Nun, ein paar Monate später, ist vieles anders. Der Klub führt seit geraumer Zeit die Challenge League an und peilt den sofortigen Wiederaufstieg an. Die dunklen Wolken sind wie weggeblasen, die in der letzten Spielzeit bemühte Endzeit ist einem rosafarbenen Horizont gewichen. Vor einem Jahr alles schlecht – und jetzt fast alles gut? So einfach ist die erstaunliche Geschichte nicht.

Er nimmt Kollateralschäden in der Aussendarstellung in Kauf

Dennoch zeigt sich, wie wenig es im Fussball braucht, um im Zuge einer um sich greifenden Düsternis samt Selbstaufgabe wieder Land zu sehen.

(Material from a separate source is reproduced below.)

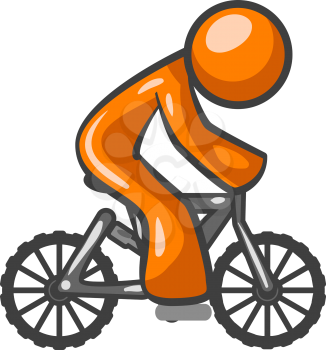 An orange man riding a mountain bike, side view, for generic purposes.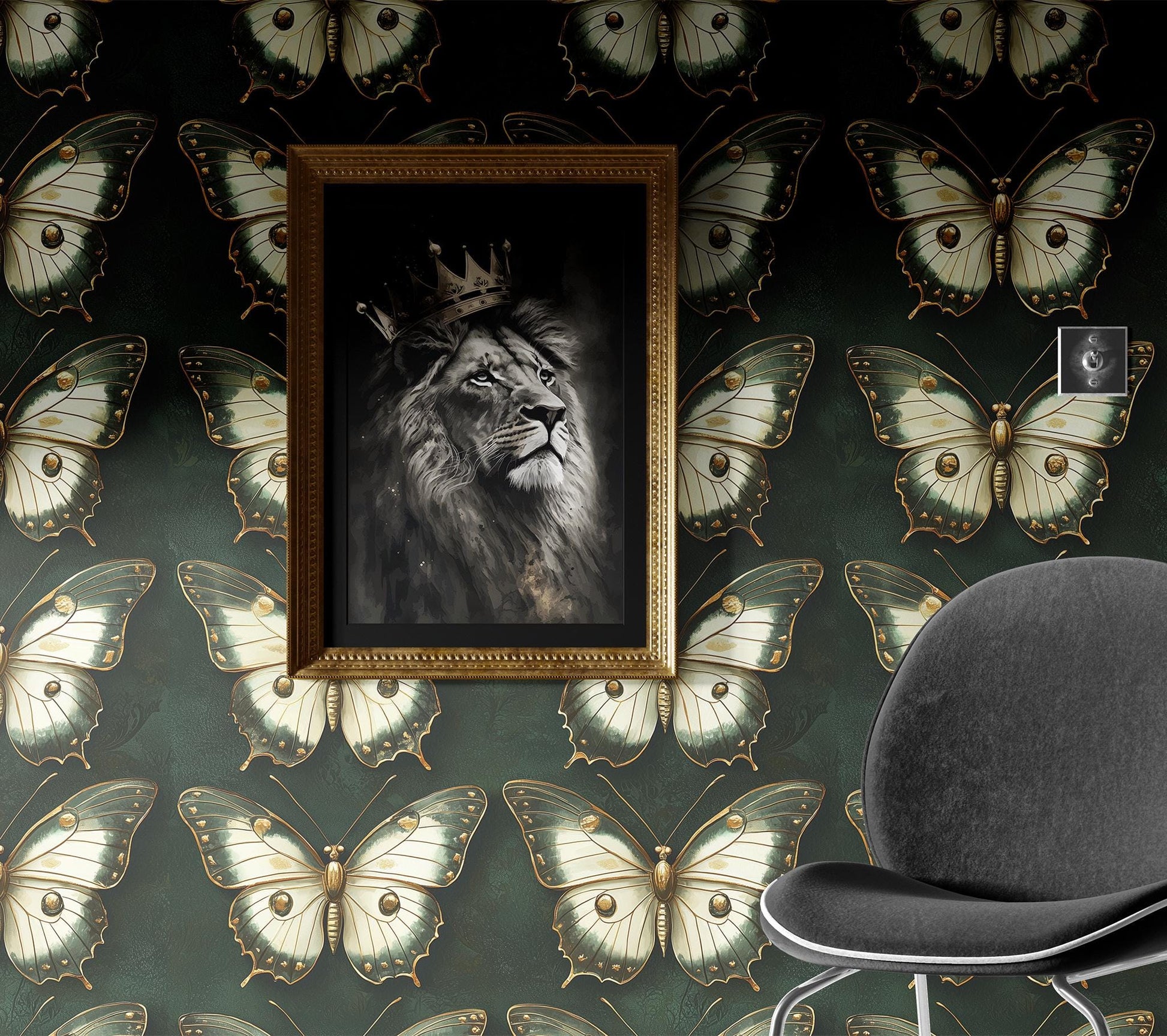 Emerald Green Butterfly Renter Floral Wallpaper Pattern – room setting, Golden Era Walls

Kluge personelle Weichenstellungen, etwas Selbstreflexion, eine Katharsis, eine Trainerwahl und ein in schierer Perfektion inszenierter politischer Poker. Die Gewinner: der FC Sion – und vor allem sein Präsident Christian Constantin.

Er beherrscht nicht alles, aber vieles. Zum Beispiel das Spiel mit den Medien. Er ist ein Unterhaltungsfaktor und spart Energie, indem er Medienvertreter für sich einnimmt, kein Interview gegenlesen lässt und Kollateralschäden in der Aussendarstellung in Kauf nimmt.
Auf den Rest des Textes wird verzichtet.